In a new interview with the “Metal From The Inside” podcast, Dee Snider was asked if he is still steadfast about not wanting TWISTED SISTER to reunite. He responded (as transcribed by BLABBERMOUTH.NET): “[I am] one hundred percent committed to not reuniting. Now, let me just be clear: we’re friends. I did a [solo] show a couple of weeks ago [on June 11 at Stereo Garden in Patchogue, New York] and [TWISTED SISTER bassist Mark] Mendoza showed up, and we did [TWISTED SISTER‘s] ‘Under The Blade’, and it was awesome. I talk to the guys all the time. I can show you my text messages. We have a little text group, and we were sending messages back and forth.

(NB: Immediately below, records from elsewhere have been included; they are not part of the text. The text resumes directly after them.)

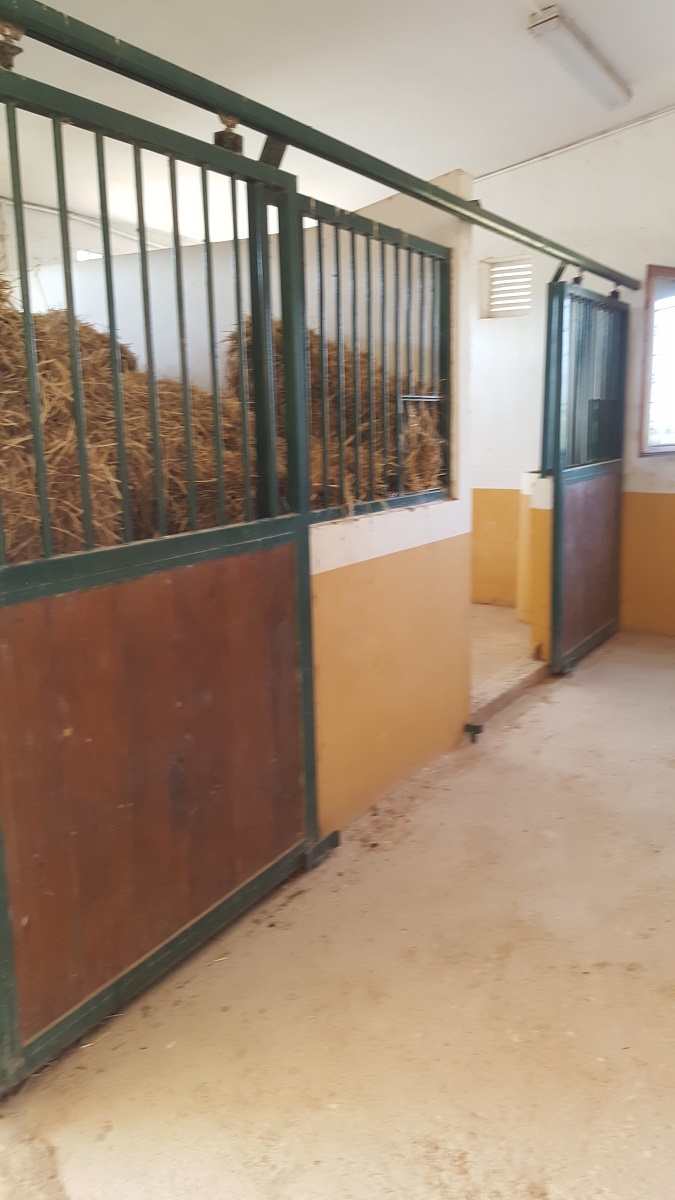 FINCA RÚSTICA ÚNICA DE 14.600 M² CON DOS VIVIENDAS, PISCINA Y COMPLEJO ECUESTRE EN LA MURADA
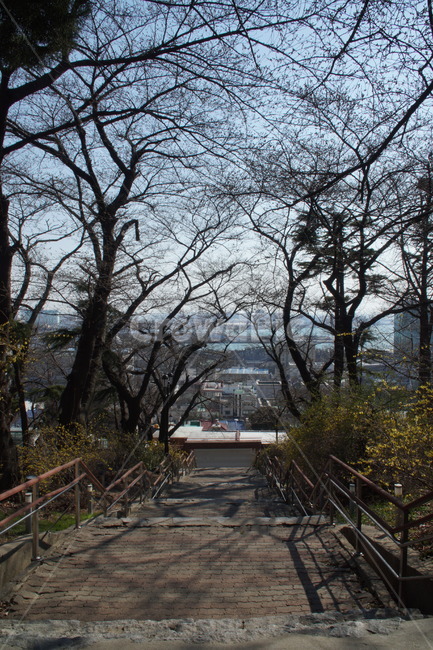 공원,공원계단,봄계단,내리막계단,내림계단,자연,풍경,nature,landscape,handrail,난간,banister
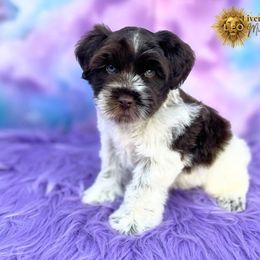 Leo - Liver male Miniature Schnauzer puppy in Cypress, Texas from Brady's Birddogs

“To me, that was the reason to reunite, was to fix the relationships [between the members of the band], and we did fix’ em, and we’re friends,” he explained. “I feel we did what we could do without just doing the same thing over. And I wanted to do some new, challenging things that I couldn’t do within TWISTED. And the solo records I’ve done I could not have done with TWISTED SISTER. I could not have done ‘Dee Does Broadway’ with TWISTED SISTER — ‘Twisted Does Broadway’. And I could not have done ‘For The Love Of Metal’ with TWISTED SISTER; people would never have accepted it. But as a solo artist, I’m allowed to change and evolve. And some things [fans have] liked; some things they’ve not liked. But at the same time, I’m allowed; no one’s ever questioned [it]. And, again, if TWISTED SISTER did it, it would be, like, ‘Hey, it doesn’t sound like TWISTED SISTER anymore’; it would have been that kind of thing.”
Circling back to the prospect of TWISTED SISTER reuniting, Dee said: “I could see us doing a charity — a couple of songs for charity, for the right reasons. We got [back] together originally for charity, which was a good reason to get together. I could see [talk show host Jimmy] Fallon — he’s a big fan — if he said, ‘Hey, guys, can you guys come on ‘[The Tonight Show Starring Jimmy Fallon’] and do ‘White Christmas’ for us?’ Fuck yeah. But to do a tour, to do 90 minutes, two hours on a stage, I don’t see that happening. And credit to everybody in the band, and I know some people — without naming names — some guys, they would have kept going; others did not wanna keep going. But I’m sure we get offers. Jay Jay French [TWISTED SISTER] is the manager of TWISTED, ’cause it’s still an entity — there’s still royalties and licenses and things like that, and merchandise — he’s not presented one offer, and I’m sure we’ve gotten ’em. ‘Cause we’re not even considering it. It doesn’t matter what they’re offering; we’re not doing it.”
According to Dee, TWISTED SISTER fans can expect to see some sort of visual documentation of the band’s final shows released at some point in the not-too-distant future. “We filmed a lot of those shows, and we filmed a lot of behind-the-scenes [footage] on the tour, and when that finally comes out, you will see TWISTED SISTER moments in front of 90 thousand, 75 thousand, 50 thousand people,” he said. “And that’s how I remember TWISTED SISTER — standing on that stage with an audience just… People were crying — people were crying, but for the right reasons. And not because we were so bad [laughs]; they were crying because they loved us and they knew that it was time for us to move on.”
In 2016, TWISTED SISTER embarked on one final trek, titled “Forty And Fuck It”, in celebration of its 40th anniversary. These shows featured the band’s “core lineup” of Snider, French, guitarist Eddie Ojeda and Mendoza, along with drummer Mike Portnoy. The band’s last-ever concert took place in November of that year — 20 months after the passing of TWISTED‘s longtime drummer A.J. Pero.
TWISTED SISTER‘s original run ended in the late ’80s. After more than a decade, the band publicly reunited in November 2001 to top the bill of New York Steel, a hard-rock benefit concert to raise money for the New York Police And Fire Widows’ And Children’s Benefit Fund.
The surviving members of the classic lineup of TWISTED SISTER — Snider, French, Ojeda and Mendoza — reunited virtually on March 20 for a special episode of Mendoza‘s Internet TV show “22 Now”. The hour-and-a-half-long program was a tribute to Pero, who died exactly six years earlier at the age of 55 while on tour with the band ADRENALINE MOB.
Prior to this past March’s virtual reunion, the four surviving members of TWISTED SISTER reunited for two days and nights in November 2019 to celebrate the 35th anniversary of the band’s classic album “Stay Hungry”.